Learn how a commonly used tool helps archaeologists shed light on the past in our series about employees and their work tools.

Anna Agbe-Davies holds a set of drill bis that she uses to measure pipes found at archaeological digs.
Anna Agbe-Davies holds a set of drill bis that she uses to measure pipes found at archaeological digs. (Photo by Jon Gardiner

Employee: Anna Agbe-Davies, associate professor in the College of Arts and Sciences’ anthropology department, and adjunct associate professor, archaeology curriculum.

Tiny tool: drill bits, ranging from 4/64 to 10/64 inches in diameter.

Agbe-Davies uses the same kind of drill bits as a do-it-yourselfer when measuring the interior diameter of Colonial-period clay pipe stems found in U.S. archaeological excavations, specifically pipes made in Northern and Western Europe that were imported to the Colonies.

Bits became standard for measuring such pipes in the 1950s after National Park Service archaeologist J.C. Harrington developed a system that helps establish an excavation site’s age.

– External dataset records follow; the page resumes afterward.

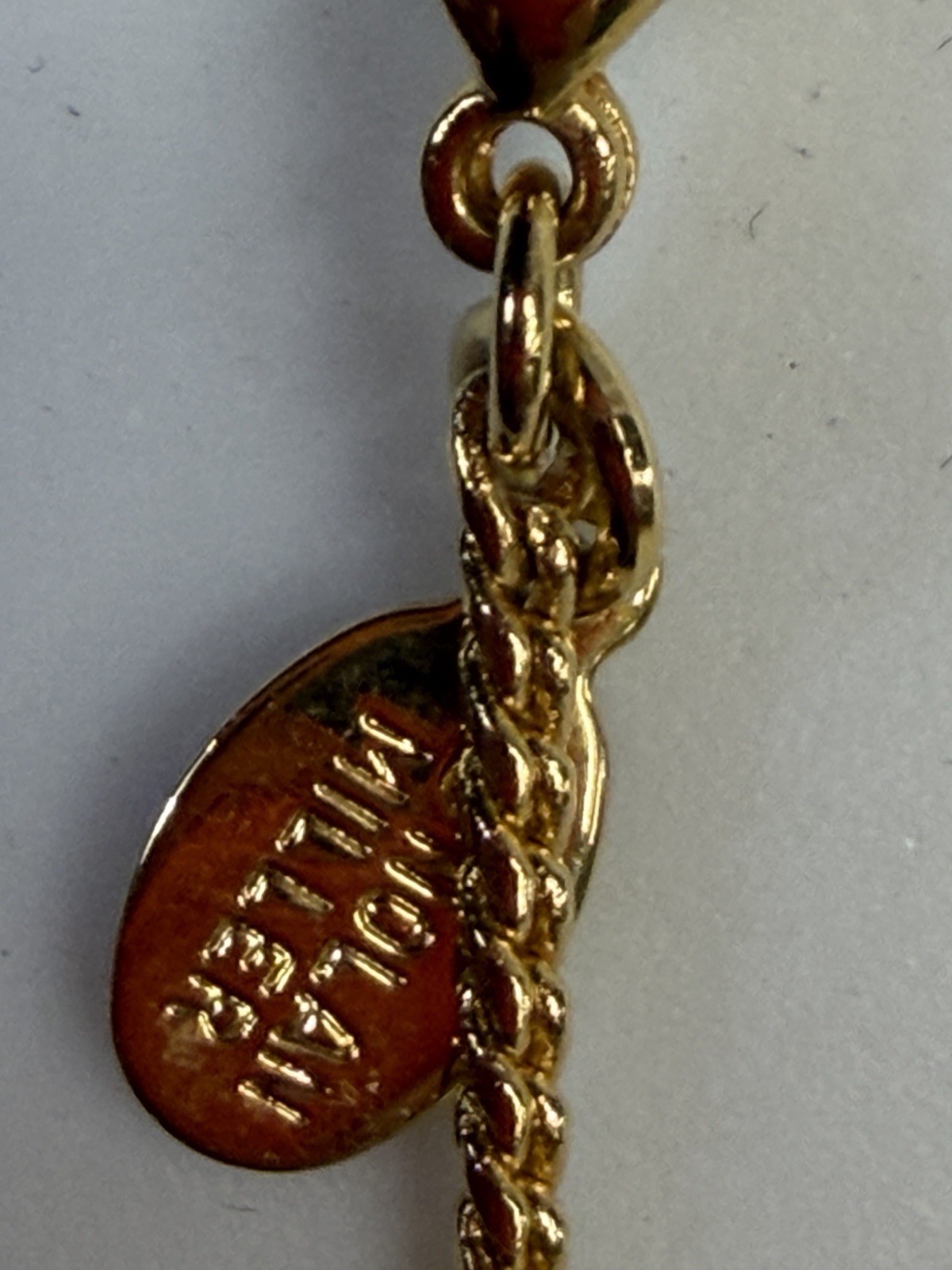 Vintage Necklace Nolan Miller Heart Pendant Goldtone Crystal 22 inches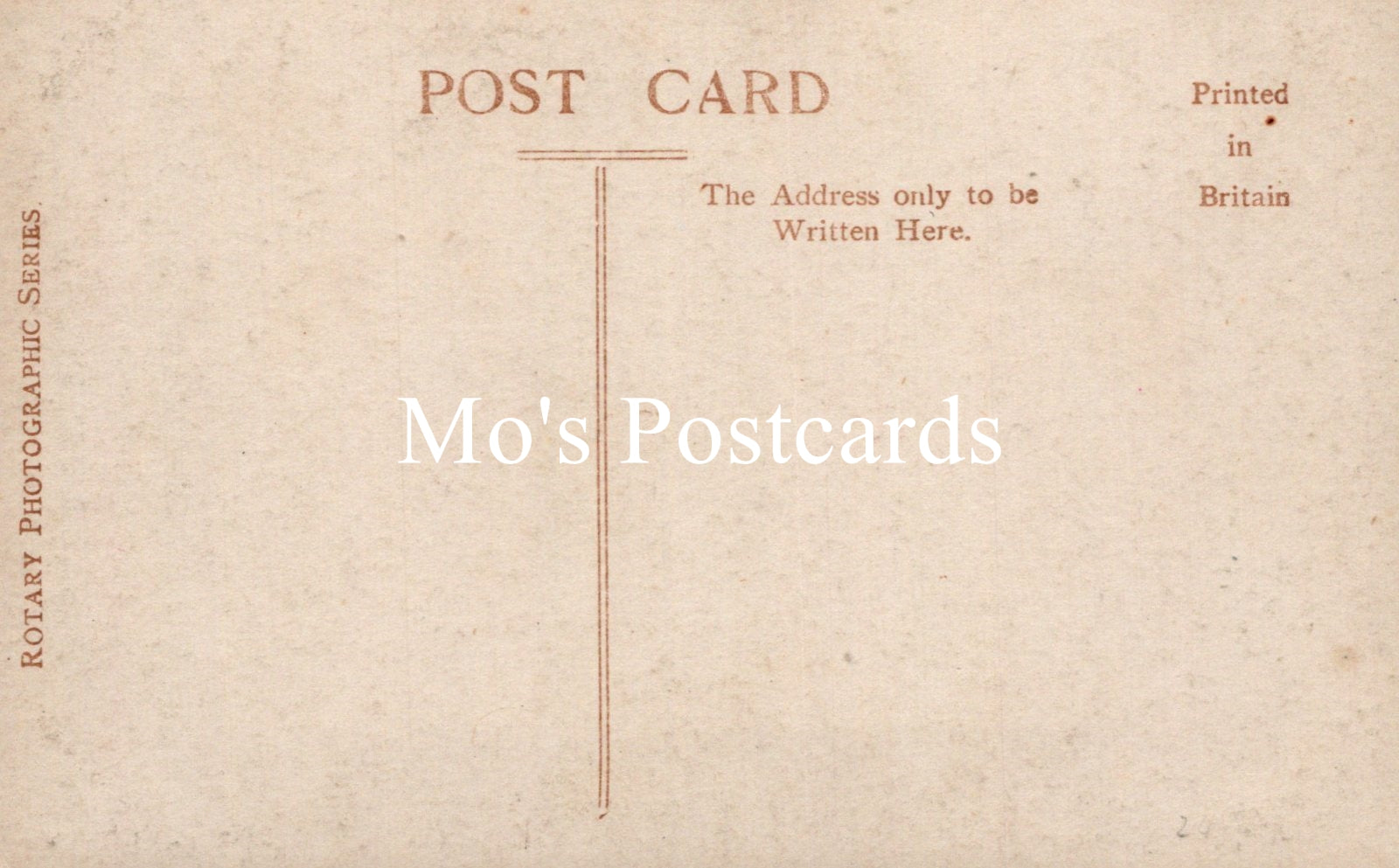 Vintage-style postcard with 'Mo's Postcards' branding on a beige background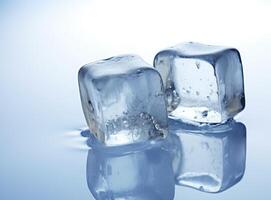 Three melting ice cubes on glass table. On white background. Created with Generative AI technology. photo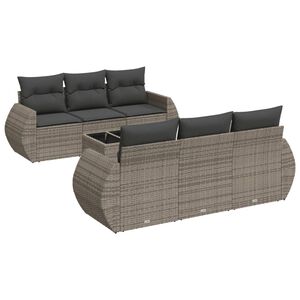vidaXL 7 Piece Garden Sofa Set with Cushions Grey Poly Rattan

He observed, while working at Virginia’s Jamestown settlement site, that pipes from the early Colonial period have larger bores — the hole where the stem connects to the bowl.

“The pipes are very fragile,” said Agbe-Davies. “It’s possible to date Colonial period clay tobacco pipes by the shape of the bowl, but often the bowl is fragmented or it’s not attached to the stem.”

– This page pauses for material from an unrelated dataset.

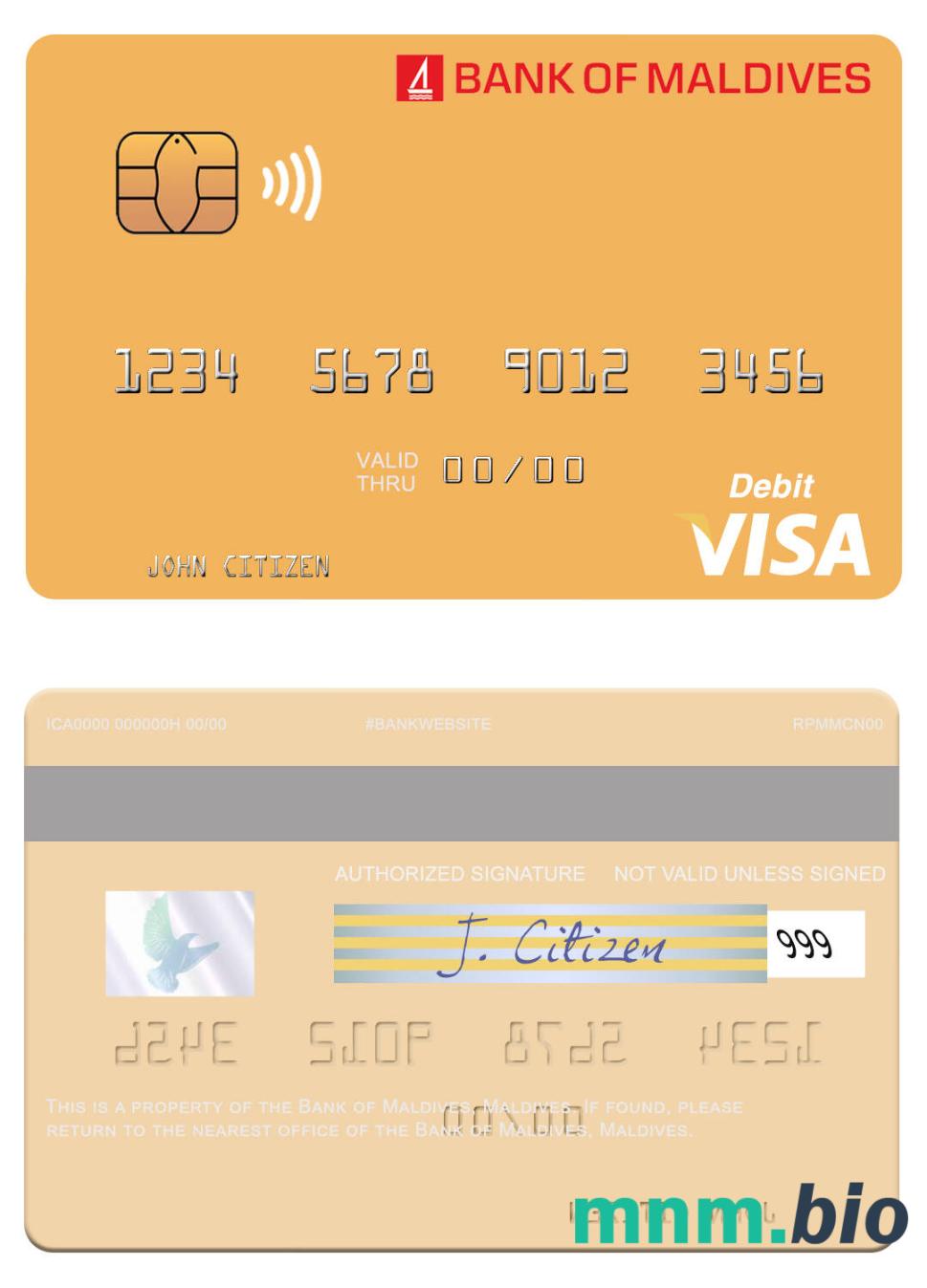 Maldives Bank of Maldives visa debet karta przykład w formacie PSD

To date pipes, Agbe-Davies inserts bits into their bores and enters measurements into a database. She then looks at the artifacts’ statistical distribution at the excavation to estimate the site’s age.

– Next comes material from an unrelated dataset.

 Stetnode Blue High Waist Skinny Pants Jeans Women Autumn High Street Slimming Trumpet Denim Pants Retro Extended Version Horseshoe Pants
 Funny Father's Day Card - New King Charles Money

“We’re interested not only in the pipe itself but where it was found and what else was found with it. You might use the distribution of bore sizes to try to establish a date for a specific layer or a specific feature, like a cellar pit, or to determine the age of a site in comparison to other sites in the region.”

Since joining Carolina’s faculty in 2009, she’s primarily worked on 20th-century sites. Previously, Agbe-Davies was an archaeologist for the Colonial Williamsburg Foundation, working through a contract at the Jamestown settlement site, that “hallowed ground for archaeology,” before earning her doctorate. She has also worked excavations at former plantations, Revolutionary War sites and downtown Williamsburg.

She has a hazy memory of buying her drill bits. “When you’re a brand-new professional, you’re like, ‘I’ve got to have my own trowel, my own calipers and my own bits,’ so I probably went to Ace Hardware and picked it all up.”

There’s one bit within her reach, though, that will probably never be used. “My husband is also an archaeologist, and he received a drill bit that once belonged to Harrington. It’s an artifact in its own right.”